In an effort at transparency – and so people don’t think he’s “just some guy” scamming them – Munat put a personal bio on his page, and said that, depending on how much in donations come in, that they may partner with an organization to help manage how funds are distributed. It’s early days, still, but he wants to be careful and credible, and make sure people know they can trust the project

Bertholic has worked in the food-service world for many years, and is now the bar manager for Chef Tony Brown’s lively, creative restaurants. She said that Munat came up with the relief fund page, and then reached out to ask her to help spread the word.

“He’s just been kind of a champion for people in the service industry for a long time,” she said.

We’ve had a boom time for great food in Spokane during the past decade. The rise of smart, fun, affordable, chef-y food has been remarkable, greatly expanding the range of interesting places to eat beyond the sturdy old reliables. Local chefs like Brown, Adam Hegsted, Chad White, the recently departed Jeremy Hansen and others have won national acclaim. Cool, fun bars are in ample supply as well, and excellent creative cocktails – like those Bertholic produces – are available all over.

Suffice it to say, it did not used to be nearly so difficult to pick among the great places for a toddy or a meal in Spokane. And the people who work in those places all have contributed to making that happen – to making the city a livelier, better place to live.
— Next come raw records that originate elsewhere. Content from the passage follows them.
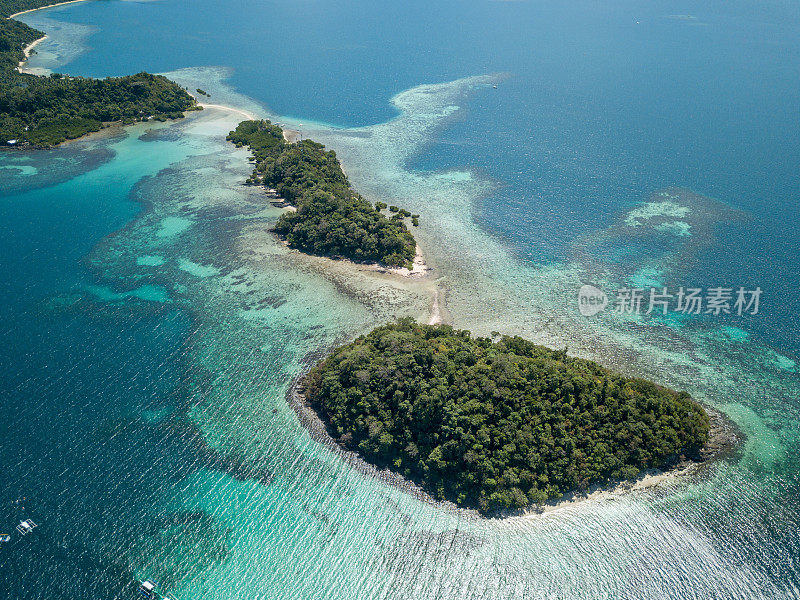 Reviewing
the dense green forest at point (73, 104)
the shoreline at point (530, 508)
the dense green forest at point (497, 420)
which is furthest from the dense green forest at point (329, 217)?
the dense green forest at point (73, 104)

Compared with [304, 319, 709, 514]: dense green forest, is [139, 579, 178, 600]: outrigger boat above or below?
below

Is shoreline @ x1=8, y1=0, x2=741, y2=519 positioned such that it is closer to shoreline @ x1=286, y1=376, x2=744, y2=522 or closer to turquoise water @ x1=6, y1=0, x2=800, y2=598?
shoreline @ x1=286, y1=376, x2=744, y2=522

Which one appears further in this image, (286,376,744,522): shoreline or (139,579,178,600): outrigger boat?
(286,376,744,522): shoreline

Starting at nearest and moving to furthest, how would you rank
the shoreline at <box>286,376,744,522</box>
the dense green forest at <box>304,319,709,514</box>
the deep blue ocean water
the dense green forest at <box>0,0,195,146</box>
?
the shoreline at <box>286,376,744,522</box> → the dense green forest at <box>304,319,709,514</box> → the deep blue ocean water → the dense green forest at <box>0,0,195,146</box>

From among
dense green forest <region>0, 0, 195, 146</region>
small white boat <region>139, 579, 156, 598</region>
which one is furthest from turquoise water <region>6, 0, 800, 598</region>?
dense green forest <region>0, 0, 195, 146</region>

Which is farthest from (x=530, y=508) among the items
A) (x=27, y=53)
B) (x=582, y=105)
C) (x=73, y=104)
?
(x=27, y=53)

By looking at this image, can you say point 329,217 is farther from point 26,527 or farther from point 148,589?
point 148,589

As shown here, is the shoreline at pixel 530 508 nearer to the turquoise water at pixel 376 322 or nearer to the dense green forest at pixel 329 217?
the turquoise water at pixel 376 322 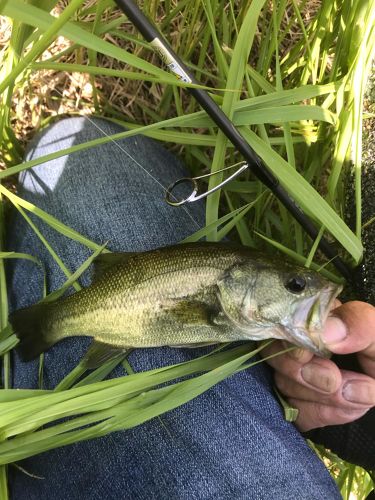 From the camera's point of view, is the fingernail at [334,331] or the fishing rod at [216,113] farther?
the fingernail at [334,331]

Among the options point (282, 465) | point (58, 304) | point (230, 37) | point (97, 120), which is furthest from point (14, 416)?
point (230, 37)

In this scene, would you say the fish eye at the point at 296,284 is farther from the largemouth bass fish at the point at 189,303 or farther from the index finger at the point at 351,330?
the index finger at the point at 351,330

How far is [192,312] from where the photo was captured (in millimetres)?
1264

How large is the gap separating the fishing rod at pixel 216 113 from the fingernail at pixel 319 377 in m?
0.33

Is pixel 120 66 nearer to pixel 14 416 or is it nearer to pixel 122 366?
pixel 122 366

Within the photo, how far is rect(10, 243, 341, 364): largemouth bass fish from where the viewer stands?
1.18 meters

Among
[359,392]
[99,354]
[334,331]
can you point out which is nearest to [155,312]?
[99,354]

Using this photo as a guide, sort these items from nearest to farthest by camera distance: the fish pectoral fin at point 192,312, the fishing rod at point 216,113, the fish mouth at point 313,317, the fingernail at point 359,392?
the fishing rod at point 216,113
the fish mouth at point 313,317
the fish pectoral fin at point 192,312
the fingernail at point 359,392

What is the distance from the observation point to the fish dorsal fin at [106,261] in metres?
1.36

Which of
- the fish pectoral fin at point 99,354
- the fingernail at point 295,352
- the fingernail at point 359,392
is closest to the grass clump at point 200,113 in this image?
the fish pectoral fin at point 99,354

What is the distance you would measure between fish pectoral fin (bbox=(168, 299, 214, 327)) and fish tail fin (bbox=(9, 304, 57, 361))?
1.37 ft

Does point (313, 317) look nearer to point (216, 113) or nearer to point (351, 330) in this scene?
point (351, 330)

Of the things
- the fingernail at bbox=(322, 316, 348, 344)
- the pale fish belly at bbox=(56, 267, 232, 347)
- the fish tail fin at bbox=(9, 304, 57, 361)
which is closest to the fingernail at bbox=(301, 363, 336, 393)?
the fingernail at bbox=(322, 316, 348, 344)

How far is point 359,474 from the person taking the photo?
2.13 m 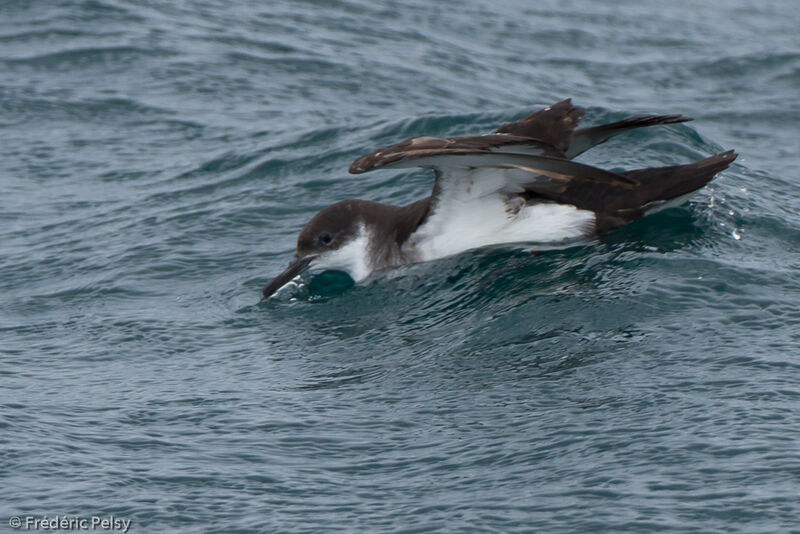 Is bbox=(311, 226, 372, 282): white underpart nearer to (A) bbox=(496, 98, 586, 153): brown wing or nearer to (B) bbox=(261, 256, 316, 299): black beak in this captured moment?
(B) bbox=(261, 256, 316, 299): black beak

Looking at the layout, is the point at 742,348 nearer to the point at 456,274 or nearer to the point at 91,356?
the point at 456,274

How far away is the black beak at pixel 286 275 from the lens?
8.16m

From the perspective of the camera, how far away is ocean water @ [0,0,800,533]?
509 centimetres

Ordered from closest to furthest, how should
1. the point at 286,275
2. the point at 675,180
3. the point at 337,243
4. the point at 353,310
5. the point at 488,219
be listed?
the point at 675,180
the point at 353,310
the point at 488,219
the point at 286,275
the point at 337,243

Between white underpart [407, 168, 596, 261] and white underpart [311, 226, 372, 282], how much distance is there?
44 cm

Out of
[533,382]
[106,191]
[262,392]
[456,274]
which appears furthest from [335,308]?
[106,191]

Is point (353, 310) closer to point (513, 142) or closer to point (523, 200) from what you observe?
point (523, 200)

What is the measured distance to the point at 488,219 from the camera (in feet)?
26.8

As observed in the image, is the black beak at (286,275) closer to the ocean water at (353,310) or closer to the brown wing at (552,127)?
the ocean water at (353,310)

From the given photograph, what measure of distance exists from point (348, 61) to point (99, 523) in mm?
10013

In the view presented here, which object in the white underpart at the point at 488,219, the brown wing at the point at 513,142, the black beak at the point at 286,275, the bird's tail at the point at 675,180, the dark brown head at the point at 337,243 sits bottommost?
the black beak at the point at 286,275

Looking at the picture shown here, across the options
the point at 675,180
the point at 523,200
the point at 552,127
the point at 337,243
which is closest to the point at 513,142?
the point at 552,127

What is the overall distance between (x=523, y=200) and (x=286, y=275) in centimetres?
177

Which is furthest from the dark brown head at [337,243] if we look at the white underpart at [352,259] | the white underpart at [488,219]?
the white underpart at [488,219] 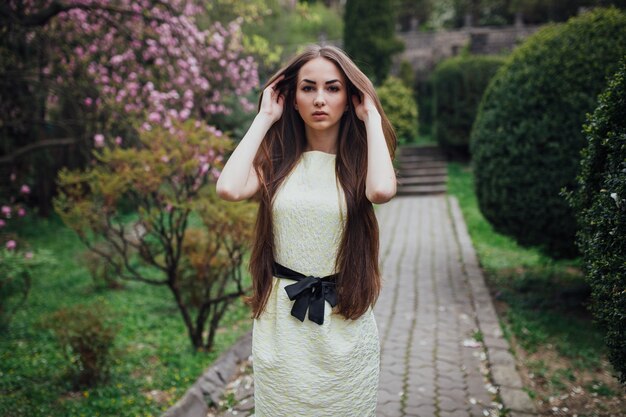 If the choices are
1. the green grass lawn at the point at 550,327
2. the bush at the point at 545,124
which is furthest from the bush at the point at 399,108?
the bush at the point at 545,124

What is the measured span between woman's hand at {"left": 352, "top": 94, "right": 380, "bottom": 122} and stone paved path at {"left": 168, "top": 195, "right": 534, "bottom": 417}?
2.35 meters

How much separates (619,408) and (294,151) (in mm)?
3165

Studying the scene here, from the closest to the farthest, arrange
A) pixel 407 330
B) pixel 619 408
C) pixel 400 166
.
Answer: pixel 619 408 < pixel 407 330 < pixel 400 166

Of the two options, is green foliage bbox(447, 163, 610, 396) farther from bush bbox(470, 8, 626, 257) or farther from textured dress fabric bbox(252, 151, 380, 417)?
textured dress fabric bbox(252, 151, 380, 417)

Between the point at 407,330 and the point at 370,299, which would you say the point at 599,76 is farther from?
the point at 370,299

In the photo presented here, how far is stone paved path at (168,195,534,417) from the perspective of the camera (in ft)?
12.1

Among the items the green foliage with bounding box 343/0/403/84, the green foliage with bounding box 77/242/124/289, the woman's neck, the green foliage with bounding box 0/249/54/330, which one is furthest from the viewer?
the green foliage with bounding box 343/0/403/84

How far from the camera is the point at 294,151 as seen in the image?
224 cm

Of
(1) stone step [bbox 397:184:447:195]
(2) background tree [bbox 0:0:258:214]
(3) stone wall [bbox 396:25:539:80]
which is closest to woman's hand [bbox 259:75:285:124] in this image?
(2) background tree [bbox 0:0:258:214]

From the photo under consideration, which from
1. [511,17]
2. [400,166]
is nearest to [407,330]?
[400,166]

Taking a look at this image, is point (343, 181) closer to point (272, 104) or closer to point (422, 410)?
point (272, 104)

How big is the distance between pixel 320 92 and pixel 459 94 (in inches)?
524

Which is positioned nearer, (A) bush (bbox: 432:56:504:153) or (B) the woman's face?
(B) the woman's face

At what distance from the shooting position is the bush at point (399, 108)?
13.7m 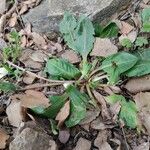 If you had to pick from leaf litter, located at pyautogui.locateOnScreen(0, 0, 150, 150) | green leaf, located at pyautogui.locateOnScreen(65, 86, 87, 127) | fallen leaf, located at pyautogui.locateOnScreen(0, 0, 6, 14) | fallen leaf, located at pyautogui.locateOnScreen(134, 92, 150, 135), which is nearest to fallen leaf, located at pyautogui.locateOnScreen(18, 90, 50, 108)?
leaf litter, located at pyautogui.locateOnScreen(0, 0, 150, 150)

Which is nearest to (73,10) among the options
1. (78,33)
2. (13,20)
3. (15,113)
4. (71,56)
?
(78,33)

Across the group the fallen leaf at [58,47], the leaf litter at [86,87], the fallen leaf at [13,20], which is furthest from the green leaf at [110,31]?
the fallen leaf at [13,20]

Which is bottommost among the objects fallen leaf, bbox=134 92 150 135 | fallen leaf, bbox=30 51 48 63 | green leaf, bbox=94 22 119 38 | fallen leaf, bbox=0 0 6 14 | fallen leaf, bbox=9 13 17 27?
fallen leaf, bbox=134 92 150 135

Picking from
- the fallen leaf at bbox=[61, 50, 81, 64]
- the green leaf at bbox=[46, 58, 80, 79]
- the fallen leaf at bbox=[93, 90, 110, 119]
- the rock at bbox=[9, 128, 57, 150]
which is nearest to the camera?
the rock at bbox=[9, 128, 57, 150]

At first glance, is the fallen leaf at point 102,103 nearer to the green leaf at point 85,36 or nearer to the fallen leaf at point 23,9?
the green leaf at point 85,36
All of those places exist in an economic balance that is precarious at best. Trying to survive weeks and weeks without dine-in service? For smaller, locally oriented places, and the many people working in them, that could be lethal.

‘Won’t be enough’

Following a strong year for job growth in Spokane, hospitality jobs were predicted to be among the growth areas for this year, according to state employment forecasts.

About 17,600 people work in food service or drinking establishments in the Spokane metro area, according to the Washington Employment Security Department. It’s about 7% of the workforce, and it’s growing, with an additional 1,000 food service jobs added to the economy since 2017.

Statewide, more than 250,000 people are employed in food service. Nationwide, more than 15 million are.

Hospitality jobs at hotels and some other retail sectors will also be hard hit – as will be a lot of employees working in industries where the ripple effects are felt. Congress is moving an aid package through that should help workers a bit, but as Munat said on his fund’s web site, however much relief there is, “we know it won’t be enough.”

For those who rely on restaurants and bars for a living, it’s a frightening time, and one without a lot of guideposts from the past for understanding what may happen in the future. Bertholic is going through it herself – the lack of clarity about what this will all look like a few months from now.

Asked how she planned to navigate the situation, she said, “I don’t know yet. I just don’t.”

“My partner’s a teacher. We’re both staying at home and having a lot of discussions about an uncertain future.”